=== Your goal ===
Instruction for the entries below: return the part that opens with the line containing "Satpura Tiger Reserve" and closes with the line containing "Greg Bennett GA100S/N", exactly, and no pictures.

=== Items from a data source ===

Content starts

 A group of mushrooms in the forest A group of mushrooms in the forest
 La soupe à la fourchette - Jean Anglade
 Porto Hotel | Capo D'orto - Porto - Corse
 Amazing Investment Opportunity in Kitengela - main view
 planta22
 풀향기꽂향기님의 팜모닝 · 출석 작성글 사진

Content ends
Content starts

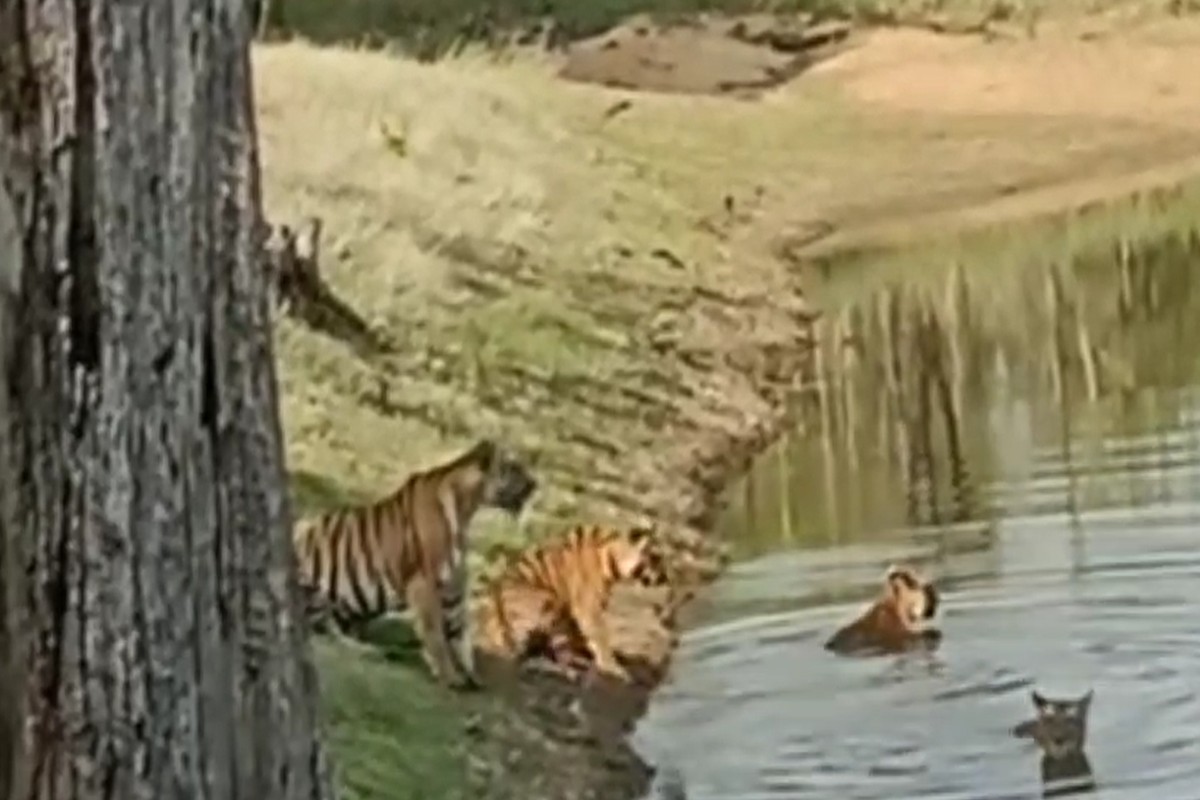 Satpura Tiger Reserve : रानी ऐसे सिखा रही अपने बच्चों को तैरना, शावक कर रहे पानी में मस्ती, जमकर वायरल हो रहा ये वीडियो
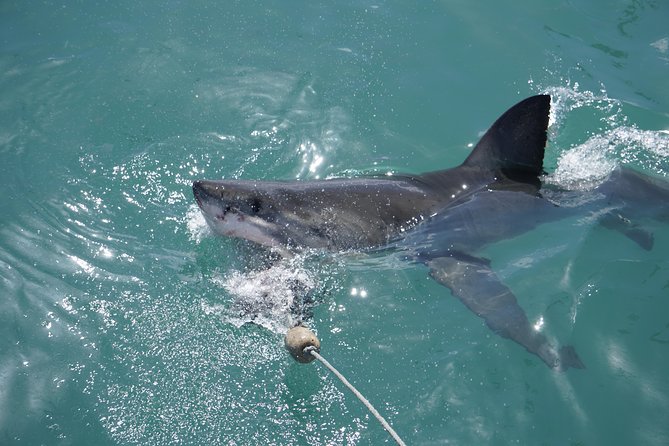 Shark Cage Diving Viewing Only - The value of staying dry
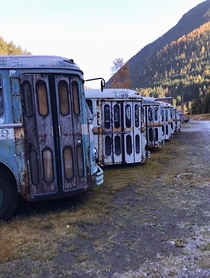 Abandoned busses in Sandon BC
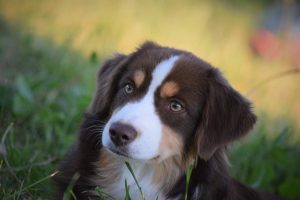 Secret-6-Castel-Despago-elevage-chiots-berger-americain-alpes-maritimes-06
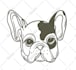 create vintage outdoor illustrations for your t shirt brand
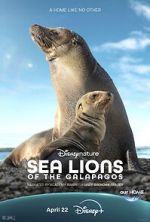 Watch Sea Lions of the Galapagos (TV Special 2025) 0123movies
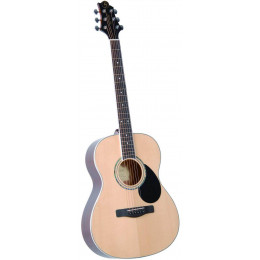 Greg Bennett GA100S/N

Content ends

=== Reply to the exercise ===
 Satpura Tiger Reserve : रानी ऐसे सिखा रही अपने बच्चों को तैरना, शावक कर रहे पानी में मस्ती, जमकर वायरल हो रहा ये वीडियो
 Shark Cage Diving Viewing Only - The value of staying dry
 Abandoned busses in Sandon BC
 Secret-6-Castel-Despago-elevage-chiots-berger-americain-alpes-maritimes-06
 create vintage outdoor illustrations for your t shirt brand
 Watch Sea Lions of the Galapagos (TV Special 2025) 0123movies
 Greg Bennett GA100S/N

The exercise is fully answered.